PROBLEM STATEMENT: Repeat the lines from the one containing "Sunshot by Michael" through the end of the listing exactly, both ends included. Do not carry over any pictures.
##### DATA SHOWN #####
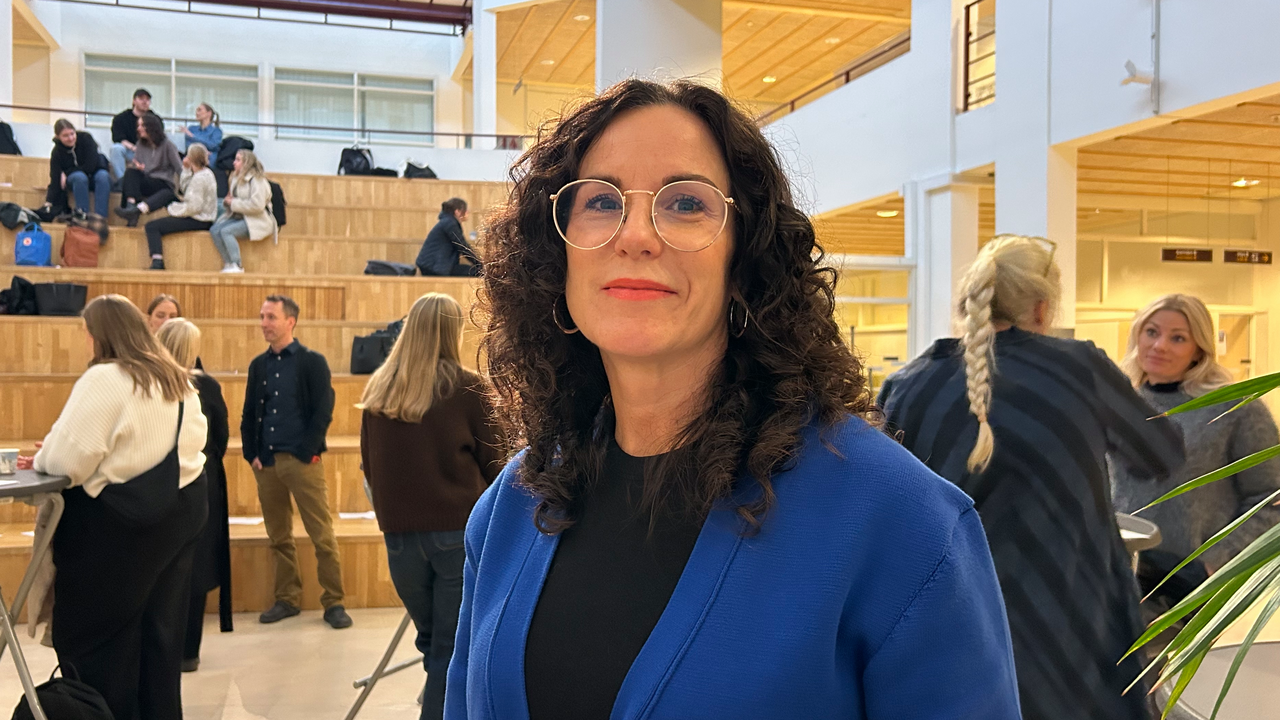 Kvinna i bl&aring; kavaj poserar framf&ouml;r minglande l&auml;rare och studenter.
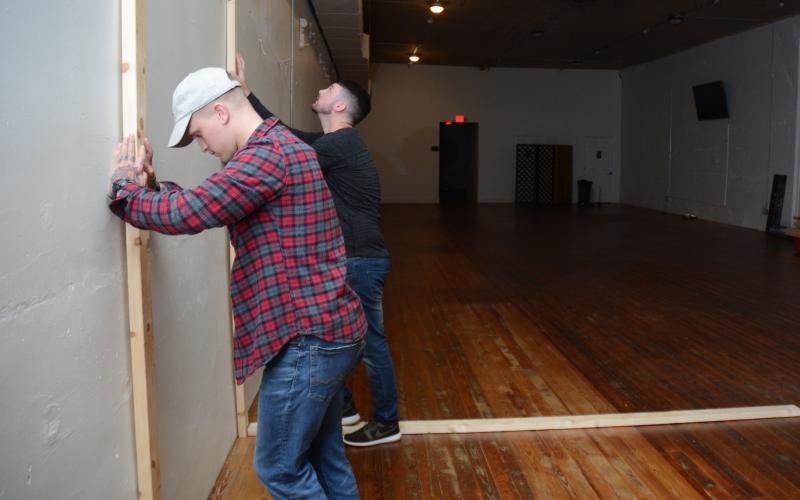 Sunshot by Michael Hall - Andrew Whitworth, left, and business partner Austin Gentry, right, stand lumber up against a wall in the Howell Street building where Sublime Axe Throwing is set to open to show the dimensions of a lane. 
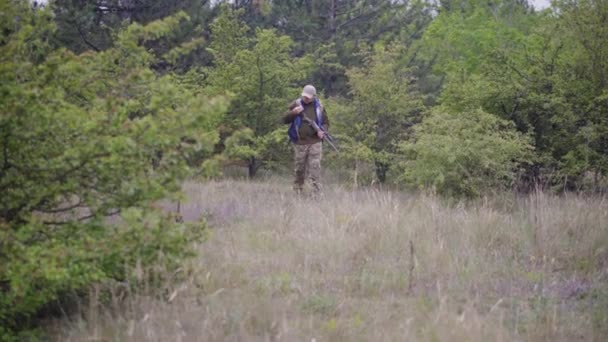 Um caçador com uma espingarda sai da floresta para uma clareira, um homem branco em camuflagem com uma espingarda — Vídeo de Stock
#####
OUTPUT BELOW:
 Sunshot by Michael Hall - Andrew Whitworth, left, and business partner Austin Gentry, right, stand lumber up against a wall in the Howell Street building where Sublime Axe Throwing is set to open to show the dimensions of a lane. 
 Um caçador com uma espingarda sai da floresta para uma clareira, um homem branco em camuflagem com uma espingarda — Vídeo de Stock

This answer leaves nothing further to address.